WCF. VI. Of the Fall of Man, of Sin, and of the Punishment Thereof – 1-2. Q&A

Blogging through and answering the questions from G. I. Williamson’s The Westminster Confession of Faith for Study Classes for personal review and comprehension.

WCF. VI. Of the Fall of Man, of Sin, and of the Punishment Thereof.

Sections 1-2.

1. Why does the fall of man need much emphasis today?

It needs much emphasis today because of the prominence and acceptance of neo-orthodoxy, whose proponents typically deny that the fall took place when “an actual historical person . . . at a particular time and at a specific location on earth ate a real piece of forbidden fruit” (70).

2. What does neo-orthodoxy (the term itself) mean?

Neo-orthodoxy means “new orthodoxy.”

3. From what did it [neo-orthodoxy] arise?

It arose from and was a response to the “old rationalism” indicative of the post-enlightenment era.

4. Why did it sound promising at first?

Neo-orthodoxy sounded promising because it used the historical/traditional vocabulary of the Christian Church; the proponents of neo-orthodoxy would refer to “creation,” “the fall,” and “election,” however, they re-tooled the thing (meaning) signified by the traditional vocabulary. It had the appearance of orthodox Christian belief, but in the final analysis it lacked the content.

5. What is its tragic defect (basic to all other defects in it)?

The tragic defect of neo-orthodoxy is its “merely exchanging the old form of reliance upon the supremacy of man’s reason with a new form of the same evil” (70). The tragic defect is neo-orthodoxy’s treating God’s Word subservient to human reason.

6. When neo-orthodoxy says that a thing is “true” doctrine, what does it mean?

It means they believe the doctrine is “true” in a nonhistorical sense, i.e. it is merely symbolically or mythically.

7. Why does neo-orthodoxy take such a position?

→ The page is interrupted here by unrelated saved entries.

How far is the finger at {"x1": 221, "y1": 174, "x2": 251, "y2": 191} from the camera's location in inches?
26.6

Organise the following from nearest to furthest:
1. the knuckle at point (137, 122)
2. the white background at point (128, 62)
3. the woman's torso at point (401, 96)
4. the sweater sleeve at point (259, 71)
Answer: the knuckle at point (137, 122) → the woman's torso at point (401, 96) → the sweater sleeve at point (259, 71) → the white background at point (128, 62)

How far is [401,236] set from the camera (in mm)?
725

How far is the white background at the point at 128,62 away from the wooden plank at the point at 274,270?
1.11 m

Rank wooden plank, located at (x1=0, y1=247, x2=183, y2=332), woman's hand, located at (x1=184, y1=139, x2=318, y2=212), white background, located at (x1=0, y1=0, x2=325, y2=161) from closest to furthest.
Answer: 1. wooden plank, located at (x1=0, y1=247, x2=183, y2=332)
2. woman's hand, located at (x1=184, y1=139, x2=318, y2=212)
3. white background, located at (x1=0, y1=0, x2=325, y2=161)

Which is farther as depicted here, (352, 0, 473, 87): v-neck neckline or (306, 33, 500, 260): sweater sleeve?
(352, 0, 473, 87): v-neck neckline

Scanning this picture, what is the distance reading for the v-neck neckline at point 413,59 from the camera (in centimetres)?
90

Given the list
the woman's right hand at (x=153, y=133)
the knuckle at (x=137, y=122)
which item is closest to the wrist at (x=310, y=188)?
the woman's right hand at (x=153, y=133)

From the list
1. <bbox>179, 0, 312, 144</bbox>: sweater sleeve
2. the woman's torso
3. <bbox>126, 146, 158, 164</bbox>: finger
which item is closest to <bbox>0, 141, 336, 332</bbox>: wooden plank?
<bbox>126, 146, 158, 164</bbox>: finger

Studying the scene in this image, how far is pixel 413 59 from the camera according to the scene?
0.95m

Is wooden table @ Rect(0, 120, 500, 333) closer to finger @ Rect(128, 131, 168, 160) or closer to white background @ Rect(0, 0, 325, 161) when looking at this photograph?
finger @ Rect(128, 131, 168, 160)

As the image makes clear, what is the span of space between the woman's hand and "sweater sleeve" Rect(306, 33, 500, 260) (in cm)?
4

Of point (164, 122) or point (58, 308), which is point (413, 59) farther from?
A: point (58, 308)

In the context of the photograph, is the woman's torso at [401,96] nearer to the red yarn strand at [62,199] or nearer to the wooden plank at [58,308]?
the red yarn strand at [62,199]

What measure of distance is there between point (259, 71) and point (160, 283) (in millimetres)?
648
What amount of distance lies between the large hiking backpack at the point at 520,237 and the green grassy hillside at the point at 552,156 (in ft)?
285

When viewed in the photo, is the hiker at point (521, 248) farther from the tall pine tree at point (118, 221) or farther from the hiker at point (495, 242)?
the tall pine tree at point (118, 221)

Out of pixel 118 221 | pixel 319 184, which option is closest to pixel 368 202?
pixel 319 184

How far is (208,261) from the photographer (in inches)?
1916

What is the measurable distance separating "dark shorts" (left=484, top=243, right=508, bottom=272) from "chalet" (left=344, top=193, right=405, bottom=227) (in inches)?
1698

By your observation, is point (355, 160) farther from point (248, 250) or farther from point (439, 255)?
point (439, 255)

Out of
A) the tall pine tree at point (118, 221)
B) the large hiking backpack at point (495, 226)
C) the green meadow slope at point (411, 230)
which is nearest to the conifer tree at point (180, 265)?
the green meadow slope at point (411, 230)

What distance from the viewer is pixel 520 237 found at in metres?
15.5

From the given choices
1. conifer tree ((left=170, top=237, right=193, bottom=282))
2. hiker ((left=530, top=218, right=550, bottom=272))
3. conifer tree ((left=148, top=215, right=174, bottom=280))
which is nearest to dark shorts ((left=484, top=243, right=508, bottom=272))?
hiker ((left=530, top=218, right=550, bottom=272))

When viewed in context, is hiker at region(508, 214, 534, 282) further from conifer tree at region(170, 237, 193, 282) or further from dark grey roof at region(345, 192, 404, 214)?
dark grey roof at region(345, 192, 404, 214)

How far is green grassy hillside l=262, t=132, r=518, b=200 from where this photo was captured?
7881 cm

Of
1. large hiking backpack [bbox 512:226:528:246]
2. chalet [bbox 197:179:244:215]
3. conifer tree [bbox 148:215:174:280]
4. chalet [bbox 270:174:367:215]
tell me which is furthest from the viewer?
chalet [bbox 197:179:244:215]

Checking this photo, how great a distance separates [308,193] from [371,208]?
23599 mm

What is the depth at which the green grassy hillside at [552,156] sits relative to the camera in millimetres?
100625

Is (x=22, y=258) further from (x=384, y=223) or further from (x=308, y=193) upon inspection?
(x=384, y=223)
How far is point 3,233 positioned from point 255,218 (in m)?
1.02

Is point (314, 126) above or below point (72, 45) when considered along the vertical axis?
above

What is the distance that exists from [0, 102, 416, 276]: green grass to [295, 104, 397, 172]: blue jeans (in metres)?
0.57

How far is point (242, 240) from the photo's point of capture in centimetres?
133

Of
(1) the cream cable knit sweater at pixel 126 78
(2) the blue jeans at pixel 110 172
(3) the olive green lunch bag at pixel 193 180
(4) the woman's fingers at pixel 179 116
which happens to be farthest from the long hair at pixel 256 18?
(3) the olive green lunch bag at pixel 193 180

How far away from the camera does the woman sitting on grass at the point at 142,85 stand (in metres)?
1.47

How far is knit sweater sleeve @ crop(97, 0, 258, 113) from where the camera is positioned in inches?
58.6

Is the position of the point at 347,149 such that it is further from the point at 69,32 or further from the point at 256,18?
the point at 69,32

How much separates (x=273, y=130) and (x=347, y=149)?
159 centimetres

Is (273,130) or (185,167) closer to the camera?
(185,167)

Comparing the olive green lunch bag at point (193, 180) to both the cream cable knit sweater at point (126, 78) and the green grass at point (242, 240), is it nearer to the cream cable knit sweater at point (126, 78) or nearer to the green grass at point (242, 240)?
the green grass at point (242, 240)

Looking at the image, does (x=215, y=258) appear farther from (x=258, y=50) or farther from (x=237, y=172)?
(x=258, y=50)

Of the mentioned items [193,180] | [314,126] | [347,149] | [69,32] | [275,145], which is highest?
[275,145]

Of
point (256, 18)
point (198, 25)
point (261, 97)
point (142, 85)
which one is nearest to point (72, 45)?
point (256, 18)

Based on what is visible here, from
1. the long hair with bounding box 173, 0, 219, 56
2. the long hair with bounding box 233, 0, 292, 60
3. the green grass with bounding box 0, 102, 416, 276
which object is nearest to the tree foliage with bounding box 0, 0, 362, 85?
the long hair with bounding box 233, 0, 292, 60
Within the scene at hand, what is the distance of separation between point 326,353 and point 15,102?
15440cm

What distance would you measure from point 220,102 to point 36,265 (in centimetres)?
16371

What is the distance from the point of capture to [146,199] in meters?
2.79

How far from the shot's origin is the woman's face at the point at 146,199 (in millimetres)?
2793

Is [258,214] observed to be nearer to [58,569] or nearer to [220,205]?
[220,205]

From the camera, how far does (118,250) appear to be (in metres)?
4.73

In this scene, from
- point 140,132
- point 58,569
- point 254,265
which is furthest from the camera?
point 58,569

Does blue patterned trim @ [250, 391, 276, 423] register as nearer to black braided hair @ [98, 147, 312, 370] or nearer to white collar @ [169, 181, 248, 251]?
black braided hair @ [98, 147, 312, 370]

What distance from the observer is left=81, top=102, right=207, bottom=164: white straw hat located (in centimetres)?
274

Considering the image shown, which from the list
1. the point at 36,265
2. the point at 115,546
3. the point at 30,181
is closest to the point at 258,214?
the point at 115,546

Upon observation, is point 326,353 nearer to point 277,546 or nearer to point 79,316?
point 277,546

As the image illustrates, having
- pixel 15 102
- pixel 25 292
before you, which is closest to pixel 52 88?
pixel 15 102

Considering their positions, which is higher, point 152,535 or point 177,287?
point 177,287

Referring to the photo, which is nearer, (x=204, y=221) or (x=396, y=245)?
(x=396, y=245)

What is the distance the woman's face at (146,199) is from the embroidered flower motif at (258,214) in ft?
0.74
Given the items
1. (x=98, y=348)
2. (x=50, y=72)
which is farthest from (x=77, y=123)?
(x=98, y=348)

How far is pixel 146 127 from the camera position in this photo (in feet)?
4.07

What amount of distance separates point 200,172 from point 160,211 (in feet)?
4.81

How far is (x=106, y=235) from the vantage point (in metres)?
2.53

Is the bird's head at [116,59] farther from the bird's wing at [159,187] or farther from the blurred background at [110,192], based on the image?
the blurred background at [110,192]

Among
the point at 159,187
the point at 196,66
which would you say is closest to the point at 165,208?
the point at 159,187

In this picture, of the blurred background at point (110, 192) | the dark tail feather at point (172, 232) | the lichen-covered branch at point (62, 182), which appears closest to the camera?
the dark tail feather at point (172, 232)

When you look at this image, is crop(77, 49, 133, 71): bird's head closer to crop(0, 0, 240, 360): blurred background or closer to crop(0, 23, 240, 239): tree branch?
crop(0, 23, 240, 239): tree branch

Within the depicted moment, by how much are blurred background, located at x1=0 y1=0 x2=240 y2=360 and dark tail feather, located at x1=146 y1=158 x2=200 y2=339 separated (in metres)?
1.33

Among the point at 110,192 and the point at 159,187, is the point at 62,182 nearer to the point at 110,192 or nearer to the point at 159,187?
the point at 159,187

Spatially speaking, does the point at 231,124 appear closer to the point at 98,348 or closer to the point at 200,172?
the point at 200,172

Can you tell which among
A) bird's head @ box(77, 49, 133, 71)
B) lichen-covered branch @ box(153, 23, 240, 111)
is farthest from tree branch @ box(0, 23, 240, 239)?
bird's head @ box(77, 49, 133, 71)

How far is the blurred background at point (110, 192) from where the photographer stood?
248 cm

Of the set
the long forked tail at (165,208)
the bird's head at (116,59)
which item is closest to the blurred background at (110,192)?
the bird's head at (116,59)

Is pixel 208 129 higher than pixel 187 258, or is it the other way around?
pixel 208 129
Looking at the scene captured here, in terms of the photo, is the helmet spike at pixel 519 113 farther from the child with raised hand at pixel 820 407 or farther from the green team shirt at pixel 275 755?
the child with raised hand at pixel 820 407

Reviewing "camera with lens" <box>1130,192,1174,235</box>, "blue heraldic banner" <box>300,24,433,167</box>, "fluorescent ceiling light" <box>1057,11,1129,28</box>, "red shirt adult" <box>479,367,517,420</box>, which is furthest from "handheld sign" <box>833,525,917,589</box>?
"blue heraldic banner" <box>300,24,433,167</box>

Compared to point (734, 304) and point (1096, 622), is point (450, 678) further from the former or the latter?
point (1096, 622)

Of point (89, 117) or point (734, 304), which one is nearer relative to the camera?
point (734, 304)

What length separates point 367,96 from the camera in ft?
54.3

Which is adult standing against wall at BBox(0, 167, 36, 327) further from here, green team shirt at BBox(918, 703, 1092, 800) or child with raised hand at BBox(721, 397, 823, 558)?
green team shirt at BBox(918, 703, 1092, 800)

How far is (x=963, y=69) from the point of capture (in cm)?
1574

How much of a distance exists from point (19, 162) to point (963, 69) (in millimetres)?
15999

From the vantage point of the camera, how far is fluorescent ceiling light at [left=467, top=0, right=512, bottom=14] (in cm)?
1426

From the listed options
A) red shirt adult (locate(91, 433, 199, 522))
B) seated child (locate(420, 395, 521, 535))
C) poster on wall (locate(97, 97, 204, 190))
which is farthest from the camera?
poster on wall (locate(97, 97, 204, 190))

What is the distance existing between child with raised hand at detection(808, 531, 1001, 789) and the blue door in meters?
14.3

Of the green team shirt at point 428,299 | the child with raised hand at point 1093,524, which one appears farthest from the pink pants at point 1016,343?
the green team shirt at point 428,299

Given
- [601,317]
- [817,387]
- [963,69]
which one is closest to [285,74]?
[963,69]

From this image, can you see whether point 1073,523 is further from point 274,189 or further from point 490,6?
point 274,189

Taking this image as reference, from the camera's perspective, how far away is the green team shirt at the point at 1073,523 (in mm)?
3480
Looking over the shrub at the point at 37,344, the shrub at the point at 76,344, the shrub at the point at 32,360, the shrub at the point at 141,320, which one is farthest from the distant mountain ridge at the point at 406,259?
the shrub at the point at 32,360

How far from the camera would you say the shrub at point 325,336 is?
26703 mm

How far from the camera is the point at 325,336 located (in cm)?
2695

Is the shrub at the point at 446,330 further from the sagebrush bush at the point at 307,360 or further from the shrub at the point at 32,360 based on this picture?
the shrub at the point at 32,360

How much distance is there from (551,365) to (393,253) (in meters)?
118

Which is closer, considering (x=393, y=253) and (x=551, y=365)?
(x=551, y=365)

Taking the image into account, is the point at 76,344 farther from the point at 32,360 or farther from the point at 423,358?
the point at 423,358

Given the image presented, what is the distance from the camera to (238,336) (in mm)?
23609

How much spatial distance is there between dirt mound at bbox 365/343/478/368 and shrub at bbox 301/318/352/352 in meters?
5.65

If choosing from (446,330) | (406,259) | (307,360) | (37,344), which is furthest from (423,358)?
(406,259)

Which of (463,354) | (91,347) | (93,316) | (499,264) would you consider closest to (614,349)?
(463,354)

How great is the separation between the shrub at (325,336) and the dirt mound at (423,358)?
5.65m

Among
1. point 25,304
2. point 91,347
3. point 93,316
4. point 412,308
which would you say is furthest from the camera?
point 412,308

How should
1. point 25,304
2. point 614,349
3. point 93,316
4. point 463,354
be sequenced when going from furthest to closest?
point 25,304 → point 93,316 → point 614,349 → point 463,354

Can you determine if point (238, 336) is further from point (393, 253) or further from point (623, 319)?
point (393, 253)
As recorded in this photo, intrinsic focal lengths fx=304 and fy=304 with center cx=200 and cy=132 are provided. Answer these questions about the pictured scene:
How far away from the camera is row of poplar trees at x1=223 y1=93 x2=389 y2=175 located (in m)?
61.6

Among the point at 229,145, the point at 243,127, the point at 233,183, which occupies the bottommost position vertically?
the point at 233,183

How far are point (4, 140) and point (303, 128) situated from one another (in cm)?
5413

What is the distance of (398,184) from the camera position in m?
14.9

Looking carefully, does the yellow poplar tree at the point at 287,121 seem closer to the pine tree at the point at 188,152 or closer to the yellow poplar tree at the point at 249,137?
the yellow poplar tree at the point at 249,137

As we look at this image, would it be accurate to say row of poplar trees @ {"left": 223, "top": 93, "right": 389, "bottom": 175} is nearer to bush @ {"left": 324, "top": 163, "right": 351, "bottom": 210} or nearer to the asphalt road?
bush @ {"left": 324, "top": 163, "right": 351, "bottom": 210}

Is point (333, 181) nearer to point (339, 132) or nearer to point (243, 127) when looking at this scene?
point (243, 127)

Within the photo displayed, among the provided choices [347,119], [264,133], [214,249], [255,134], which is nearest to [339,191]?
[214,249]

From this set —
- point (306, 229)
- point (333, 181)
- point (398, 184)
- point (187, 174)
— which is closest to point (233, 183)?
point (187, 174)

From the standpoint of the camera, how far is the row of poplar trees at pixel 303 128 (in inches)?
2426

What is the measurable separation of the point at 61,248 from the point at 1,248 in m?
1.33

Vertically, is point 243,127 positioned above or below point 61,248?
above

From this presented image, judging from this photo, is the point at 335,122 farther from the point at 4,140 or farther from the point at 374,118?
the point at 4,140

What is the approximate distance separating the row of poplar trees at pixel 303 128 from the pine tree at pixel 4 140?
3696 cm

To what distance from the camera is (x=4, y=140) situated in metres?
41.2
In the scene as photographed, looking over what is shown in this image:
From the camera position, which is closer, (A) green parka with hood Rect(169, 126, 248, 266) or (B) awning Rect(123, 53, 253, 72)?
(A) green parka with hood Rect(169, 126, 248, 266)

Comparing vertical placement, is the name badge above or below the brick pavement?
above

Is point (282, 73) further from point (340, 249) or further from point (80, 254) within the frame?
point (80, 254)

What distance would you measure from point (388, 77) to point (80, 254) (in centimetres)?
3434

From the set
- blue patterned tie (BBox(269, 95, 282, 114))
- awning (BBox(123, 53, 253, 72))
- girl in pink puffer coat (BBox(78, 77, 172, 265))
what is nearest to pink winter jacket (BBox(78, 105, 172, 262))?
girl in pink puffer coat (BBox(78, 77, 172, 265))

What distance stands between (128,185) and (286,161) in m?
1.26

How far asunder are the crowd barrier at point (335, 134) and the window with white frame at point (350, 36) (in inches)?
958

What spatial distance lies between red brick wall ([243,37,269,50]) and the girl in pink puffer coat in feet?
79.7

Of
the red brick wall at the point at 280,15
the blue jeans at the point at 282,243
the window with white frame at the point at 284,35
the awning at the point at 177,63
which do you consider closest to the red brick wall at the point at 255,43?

Neo-orthodoxy takes this position, the position of attempting to affirm the Bible (that the Bible teaches truth) and deny (that what the Bible says is actually true) at the same time, because modernism created a milieu in which it which the traditional Christian belief that the Word of God was above human wisdom/human science was viewed as untenable (see page 70).

8. What choice were neo-orthodox theologians force to make?

“There were but two choices: (1) either accept the authority of God’s Word and lose standing with this world, or (2) retain the approval of the world, and reject the authority of the Bible” (70-71).

9. How were the neo-orthodox theologians more ingenious (and therefore more dangerous) than the older rationalists and modernists?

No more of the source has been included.